Life in a family of nine neurodiverse individuals: How we do it, why we do what we do, helping you do it too. "What lies behind us and what lies before us are small matters, compared to what lies within us." - Oliver Wendall Holmes
Wednesday, May 12, 2010
Weasels Words, Procedural Nightmares, And IEP's Gone Wrong
I have learned the hard way that some districts try to "weasel" out of providing FAPE (Free APPROPRIATE Public Education) by including what I refer to as "weasel words" in the IEP. I found this out the hard way, as I was attempting to enforce son 2's IEP in 9th grade. It stated that he "may have paraprofessional support in all academic classes" (thereby excluding choir and gym, where he was fine). When I asked him how things were going with the para, he said he really wouldn't know, as she was mostly with the other kids. Come to find out that "may" is a weasel word. "Paraprofessional support" is a weasel word, if you interpret it as meaning, "Support by a paraprofessional for whom your child is the main concern". Son 2 was traveling the regular education halls and classrooms with a pack of 8 kids with disabilities, and one para. Not particularly effective. But legal, because of "may", and "paraprofessional support". Basically, she was there for him if he happened to have a meltdown, she'd walk him to the resource room.
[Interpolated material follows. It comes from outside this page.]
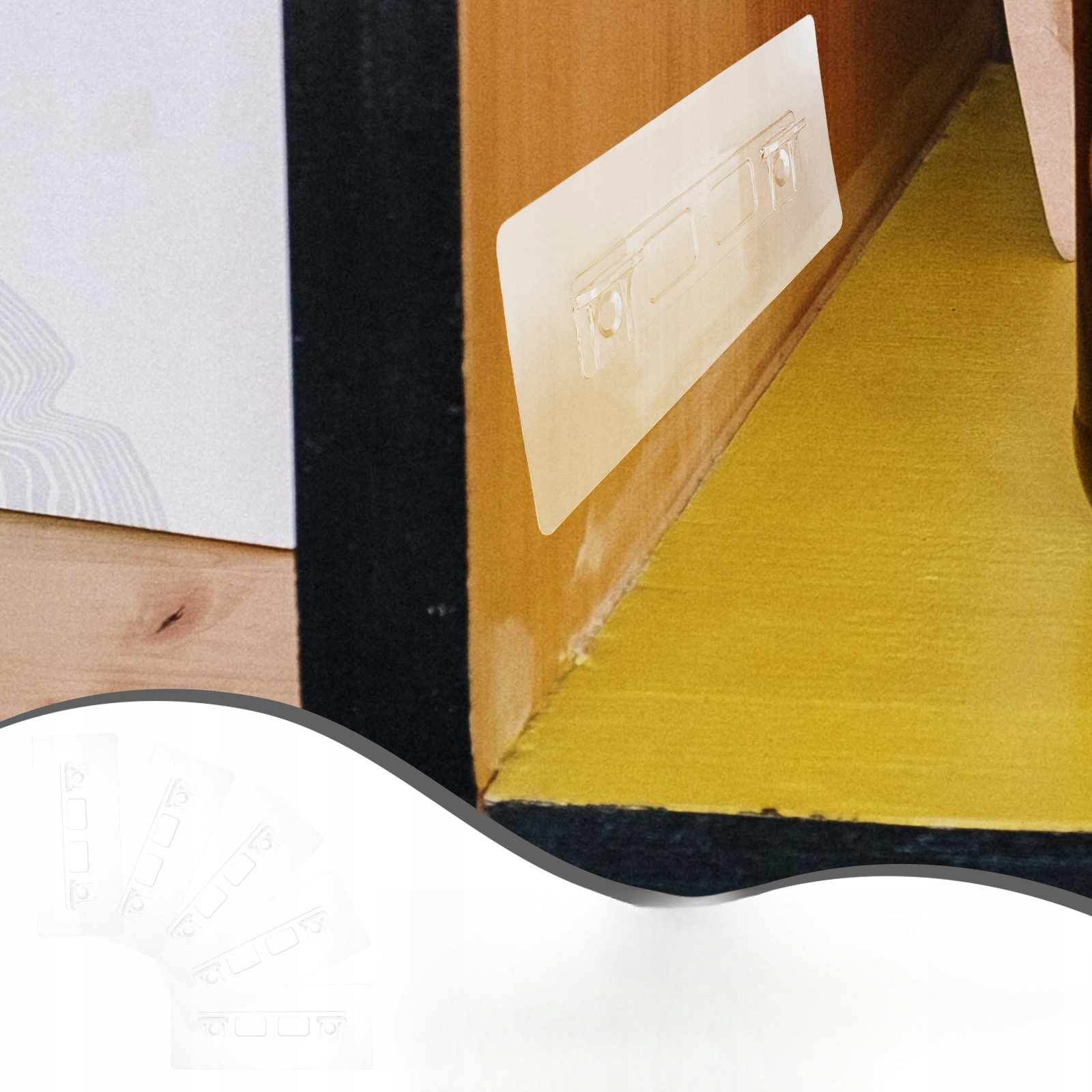 SAMOPRZYLEPNE WSPORNIKI PÓŁEK Wysokość mebla 1 cm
The rest of her time was spent with the other kids, who were loud(er) and more disruptive than he. In light of that, I am attempting to come up with some of the other weasel words from the weasels in my experience. Feel free to add any I haven't listed.
"Access to" bit us one year with son 3. His IEP stated that he would have "access to" his AAC device in all settings throughout the school day. Which, as it turned out, meant that it could be hung on his wheelchair and the wheelchair parked in the hall, because he had "access to" it by asking his para for it. Which he couldn't do, because, (HELLO!!!) he's nonverbal, and needs the assistive communication device to ask for it. Makes sense to me, but then again, district weasels aren't about making sense - they're about the easy, cheap, quick and dirty way.
Another weasel word would be "will be allowed". Sounds good, right? Son 2 "will be allowed" to use Dragon Naturally Speaking to complete written assignments over one paragraph in length. Of course, it doesn't say when he's supposed to TRAIN Dragon to recognize his voice patterns... Also, this means that he's allowed to, but doesn't say if HE has to request it, if they'll suggest it, etc.
Getting a straight, clear, concise IEP is kind of like trying to nail Jell-o to a tree. So, if you find that you've allowed some "weasel words" into yours, then remember that YOU, and you alone, have the power of "no". Write the letter requesting a team meeting in 10 days to change the wording as follows: "May" becomes "Will". "Will be allowed" becomes "Will use after training the program in one resource room hour during the first week of school". "Will have access to" becomes "Will have with him in a place where he can reach and use it".
For me, the IEP meeting is almost moot, as it seems that what I've understood verbally is generally vastly different than what they give me in writing a week later. But the power to disagree is solely parental, and sometimes, "stay-put" is the best option.
I'm a mother of seven, ages 22 to 6. They all have special needs of one variety or another, hence my interest in parent advocacy.
Despite special needs, every child has their own needs, and all children have some things in common. You will find here rants, raves, excitement, tears... things all parents go through. You will also find acronyms that special needs parents know, as do the professionals that work with our children. My hope and my goal is to provide experience, strength, and hope, as well to learn from comments and receive your experience strength and hope.
I don't have all the answers, but between us, we can find them!